Saturday, 21 December 2013
London theatre disasters
Last Friday (the thirteenth, of December) I was watching a play at the Apollo Theatre in London. Six days later, the ceiling fell in on the dress circle, where I had been sitting, injuring 76 people.
Still, that was not nearly as bad as some of the earlier disasters that struck the capital's theatres.

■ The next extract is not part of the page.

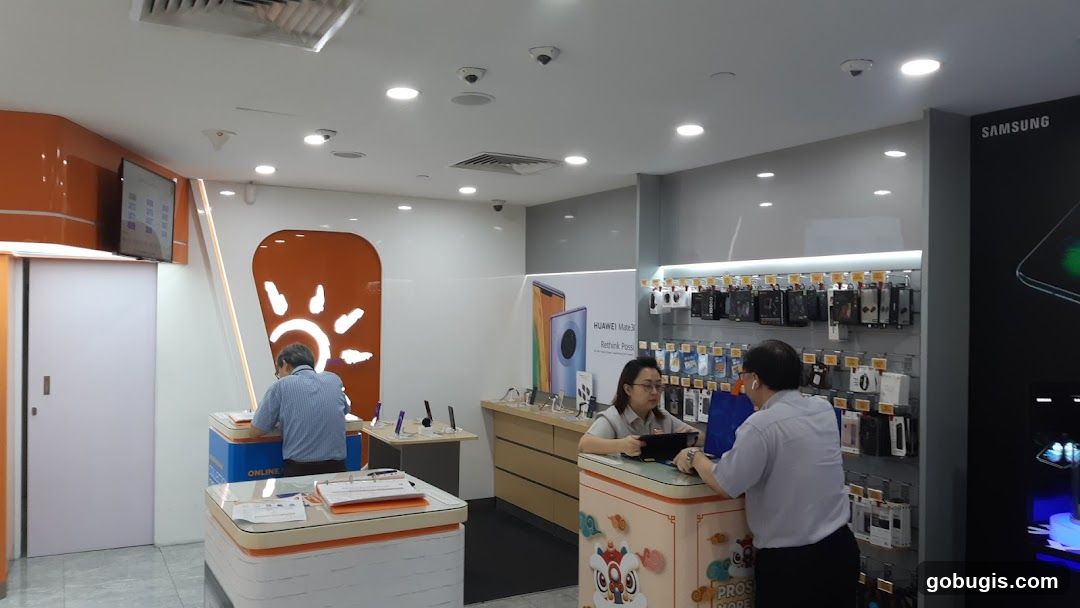 Electronics Store Interior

The first Theatre Royal, Drury Lane, was burned down in 1672. The second was declared unsafe and closed, while the third lasted just 15 years before it too caught fire, and was razed to the ground in 1809.
In the 17 years from 1863, there were 14 major fires in London theatres, and the head of the Metropolitan Fire Brigade, Sir Eyre Massey Shaw, produced a report lambasting the inadequacy of their safety precautions.
Shaw was a great friend of the Prince of Wales, later King Edward VII, and would tip the prince off if there was a particularly 'good' fire, so he could tag along for a bit of amateur firefighting. One blaze at the Alhambra in Leicester Square almost cost the future king his life when a wall collapsed, narrowly missing him.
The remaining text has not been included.